**WHAT THE TASK REQUIRES**
Take the entries below and print only the lines from the one with "18k (750) White" through the one with "Серый ВАЗ 2115", exactly as they stand, both ends included.

**PROVIDED INFORMATION**
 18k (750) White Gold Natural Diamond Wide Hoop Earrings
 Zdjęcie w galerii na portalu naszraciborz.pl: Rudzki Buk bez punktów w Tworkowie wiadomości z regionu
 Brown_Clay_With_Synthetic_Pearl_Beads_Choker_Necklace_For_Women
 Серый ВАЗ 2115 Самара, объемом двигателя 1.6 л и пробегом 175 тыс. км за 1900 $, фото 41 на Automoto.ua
...
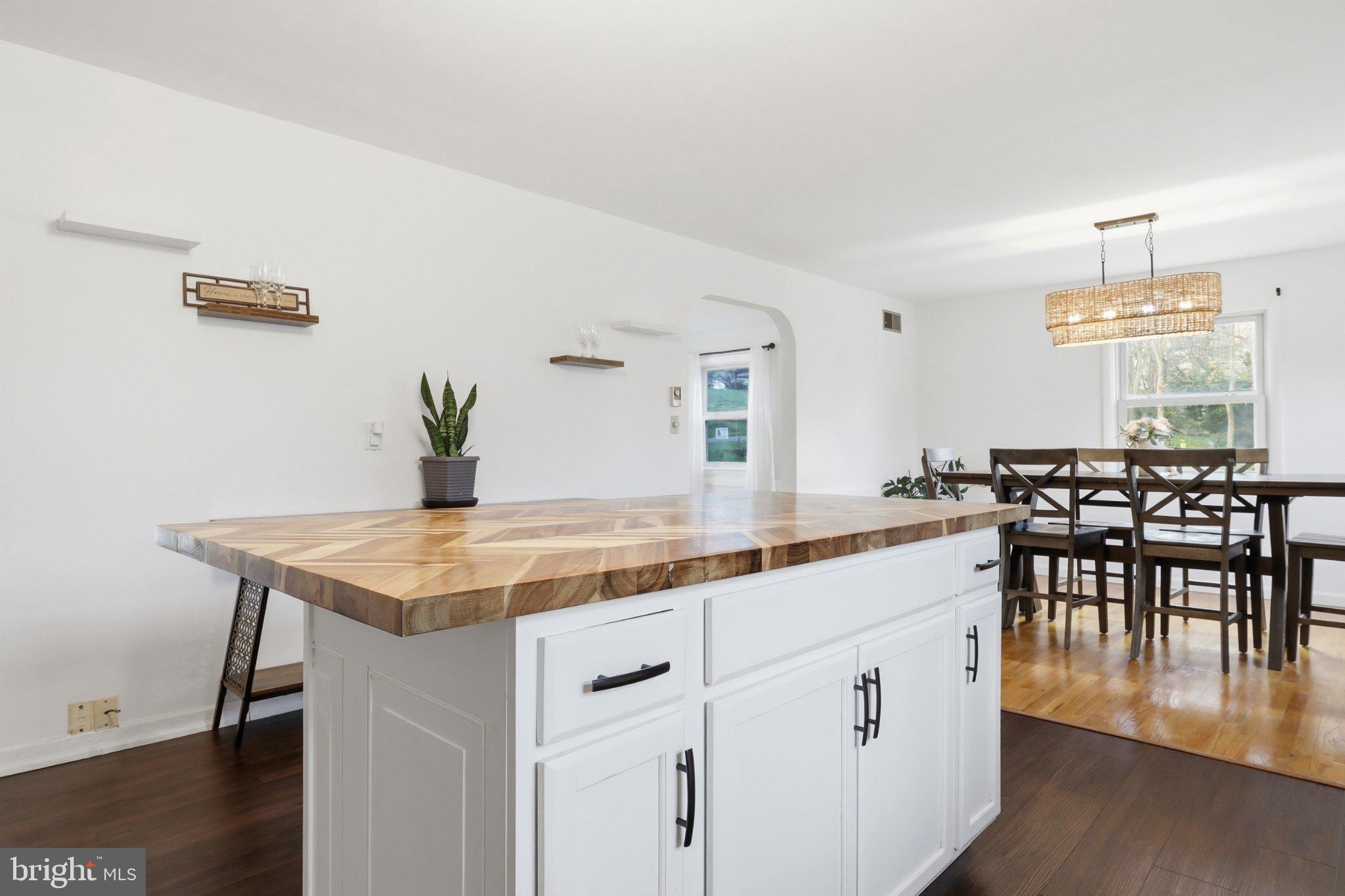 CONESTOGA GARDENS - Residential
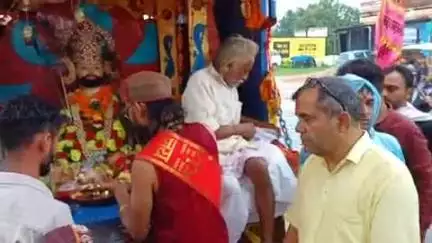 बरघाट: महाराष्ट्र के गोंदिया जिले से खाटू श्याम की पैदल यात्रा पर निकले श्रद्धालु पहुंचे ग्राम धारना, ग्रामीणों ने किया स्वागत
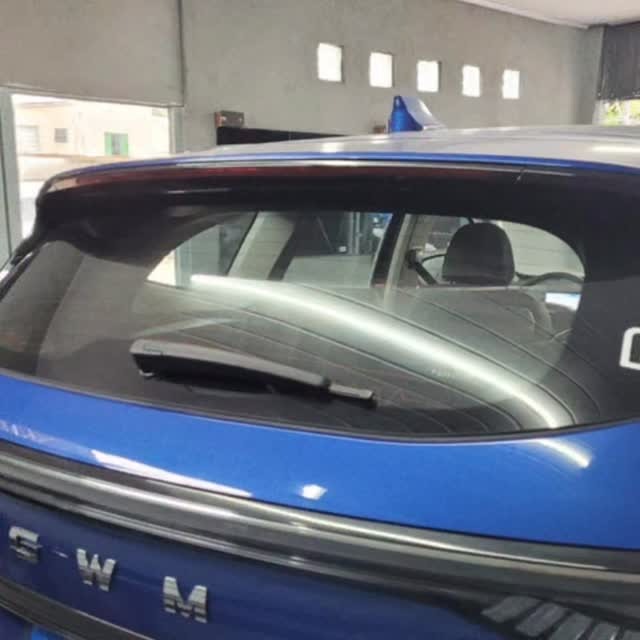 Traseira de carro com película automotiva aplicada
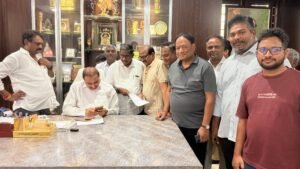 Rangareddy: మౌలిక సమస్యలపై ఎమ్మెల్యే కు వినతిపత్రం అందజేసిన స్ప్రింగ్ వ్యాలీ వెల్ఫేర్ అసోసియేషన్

**TASK RESPONSE**
 18k (750) White Gold Natural Diamond Wide Hoop Earrings
 Zdjęcie w galerii na portalu naszraciborz.pl: Rudzki Buk bez punktów w Tworkowie wiadomości z regionu
 Brown_Clay_With_Synthetic_Pearl_Beads_Choker_Necklace_For_Women
 Серый ВАЗ 2115 Самара, объемом двигателя 1.6 л и пробегом 175 тыс. км за 1900 $, фото 41 на Automoto.ua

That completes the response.